> _TASK OBJECTIVE_: Find the line containing "Full Bath (tub/shower) - 2125 Highland Ave" in the records below. Copy exactly that line and each one after it, ending at the line containing "32 Mercedes Dr — Photo 11", and nothing more.

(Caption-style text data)
_____

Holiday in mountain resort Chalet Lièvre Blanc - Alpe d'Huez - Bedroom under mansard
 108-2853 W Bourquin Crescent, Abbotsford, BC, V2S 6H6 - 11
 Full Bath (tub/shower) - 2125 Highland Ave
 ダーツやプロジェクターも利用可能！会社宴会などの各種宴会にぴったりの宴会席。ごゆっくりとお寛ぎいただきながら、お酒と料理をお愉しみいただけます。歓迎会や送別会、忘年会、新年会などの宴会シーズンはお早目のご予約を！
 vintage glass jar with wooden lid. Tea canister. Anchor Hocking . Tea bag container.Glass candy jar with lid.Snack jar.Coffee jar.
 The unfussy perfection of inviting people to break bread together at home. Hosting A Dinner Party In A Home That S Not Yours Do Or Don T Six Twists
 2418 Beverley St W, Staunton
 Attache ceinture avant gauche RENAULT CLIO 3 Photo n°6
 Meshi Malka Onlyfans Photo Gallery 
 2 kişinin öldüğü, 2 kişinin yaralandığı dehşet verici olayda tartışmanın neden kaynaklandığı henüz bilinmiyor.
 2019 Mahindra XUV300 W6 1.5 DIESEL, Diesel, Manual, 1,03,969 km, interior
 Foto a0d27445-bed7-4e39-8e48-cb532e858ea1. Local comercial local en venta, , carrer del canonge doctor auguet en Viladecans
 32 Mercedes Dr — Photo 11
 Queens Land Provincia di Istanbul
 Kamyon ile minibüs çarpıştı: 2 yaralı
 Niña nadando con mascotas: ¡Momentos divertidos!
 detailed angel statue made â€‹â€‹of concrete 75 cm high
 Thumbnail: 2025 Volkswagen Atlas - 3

_____

> _SOLUTION FOR THIS PROBLEM_:
 Full Bath (tub/shower) - 2125 Highland Ave
 ダーツやプロジェクターも利用可能！会社宴会などの各種宴会にぴったりの宴会席。ごゆっくりとお寛ぎいただきながら、お酒と料理をお愉しみいただけます。歓迎会や送別会、忘年会、新年会などの宴会シーズンはお早目のご予約を！
 vintage glass jar with wooden lid. Tea canister. Anchor Hocking . Tea bag container.Glass candy jar with lid.Snack jar.Coffee jar.
 The unfussy perfection of inviting people to break bread together at home. Hosting A Dinner Party In A Home That S Not Yours Do Or Don T Six Twists
 2418 Beverley St W, Staunton
 Attache ceinture avant gauche RENAULT CLIO 3 Photo n°6
 Meshi Malka Onlyfans Photo Gallery 
 2 kişinin öldüğü, 2 kişinin yaralandığı dehşet verici olayda tartışmanın neden kaynaklandığı henüz bilinmiyor.
 2019 Mahindra XUV300 W6 1.5 DIESEL, Diesel, Manual, 1,03,969 km, interior
 Foto a0d27445-bed7-4e39-8e48-cb532e858ea1. Local comercial local en venta, , carrer del canonge doctor auguet en Viladecans
 32 Mercedes Dr — Photo 11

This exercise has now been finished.